- Jackie Coates - CEO, Telstra Foundation
Why Digital Women Rangers are redesigning the future of digital skills
International Women’s Day has got me thinking about the time I’ve spent over the past year, with our Digital Women Rangers. They are an incredible group of First Nations women who are redefining what digital capability looks like in remote communities, and who are showing Australia that the best innovation happens when cultural knowledge and technology come together on Country.
This initiative is funded by Telstra Foundation and CSIRO and supported by Indigenous partners and Charles Darwin University (CDU). What makes it so special is that we (the institutions) sit deliberately in the back seat. The real leaders are the “digital boss ladies” who sit side by side with women researchers and guide the governance, shape the decisions, and keep us grounded in what matters for their communities.
Learning digital skills the right way, on Country, with culture at the centre
One of the most exciting parts of this work has seen the codesigning of digital badges that guide and recognise the cultural and technical skills needed to collect and use data to monitor Country. These aren’t dry, classroom-style learning modules. They’re built around real activities negotiating why and how data needs to be collected, learning how to use digital tools (like camera traps and acoustic monitors) to help rangers hear and see changes on Country, caring for data in culturally safe ways and engaging in peer-to-peer learning opportunities with other women rangers so women can learn and build digital skills together
Consent, speaking to Elders, checking cultural protocols, and tracking digital confidence throughout the process are all core components. The process acknowledges that knowledge is held in community, and that any digital skill must be embedded respectfully within that knowledge system.
As one ranger said while identifying birds through acoustic recordings recorded at a local billabong “it’s like a little music they’re singing to.” That line has stayed with me. It’s a reminder that technology becomes meaningful only when it’s connected back to place, story and Country.
A new model to build a program through long-term, place-based partnerships
What we’re building together is more than a digital inclusion and innovation program, it’s a new model of partnership. One where long-term relationships matter, local knowledge is the starting point, and the agenda is shaped by community, not institutions.
Every ranger group in the program nominates two women to the digital boss lady governance committee. Together, they decide what to support and how digital inclusion and innovation experiments will be tried each year, whether that’s public storytelling, trying new digital tools, or co‑designing ethical AI practices. Their leadership ensures the work remains grounded, safe and ambitious.
For us at the Telstra Foundation, this is exactly the kind of long term, locally led, nationally significant partnership we want to back. It reflects our commitment to supporting digital inclusion and innovation in a way that strengthens culture, builds confidence, and respects the knowledge that has been here for tens of thousands of years.

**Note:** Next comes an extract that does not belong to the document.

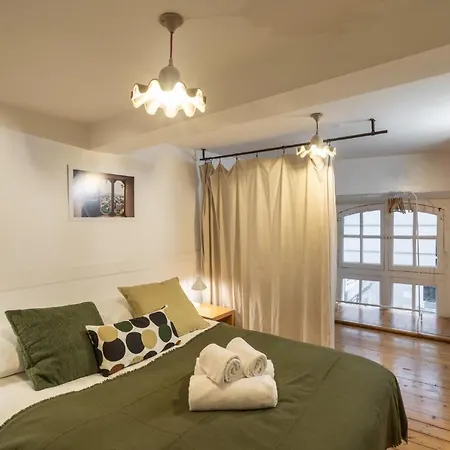 Le Parvis-beau Duplex Centre *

Australia has a cultural advantage
Spending time with the Digital Women Rangers who are building strong data and skills for Healthy Country makes something very clear: Western science and Indigenous science need to work together to build digital transition pathways for a sustainable future. Embedding digital tools into knowledge and stewardship practices is not just innovative; it represents an entirely new way of doing science and achieving our digital and sustainability goals. One where Country offers a nourishing and safe space to guide and embody First Nation ways of learning, offering opportunities to participate on one’s own terms, and to guide who and how data collectors and carers are included and recognised. I live in the city, and the knowledge I’ve witnessed, the way Country “speaks”, and Rangers respond, has opened my eyes to new ways we can nourish digital skills the right way.

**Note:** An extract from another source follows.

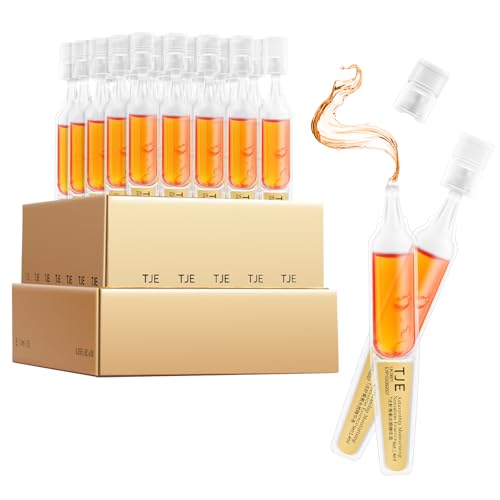 TJE Vitamin C Serum for Face, Serum for Wrinkles,Firming & Dry Skin, Dark Spot Corrector on Face, Brightening Serum & Pore Minimizer For Face, Post Acne Skin Barrier Repair - 1 Fl Oz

Impact requires a long game
What inspires me most is that this is only the beginning. Each year will look different. The digital inclusion and innovation pathways will evolve. The stories about Country using data will deepen. And the women at the heart of this work will continue shaping it in ways that make sense for their Country and communities.
We are here for the long game, and this initiative while improving digital confidence also offers a blueprint for how Australia can harness its cultural advantage, to support a digital transition through responsible AI and digital applications, towards a sustainable nation.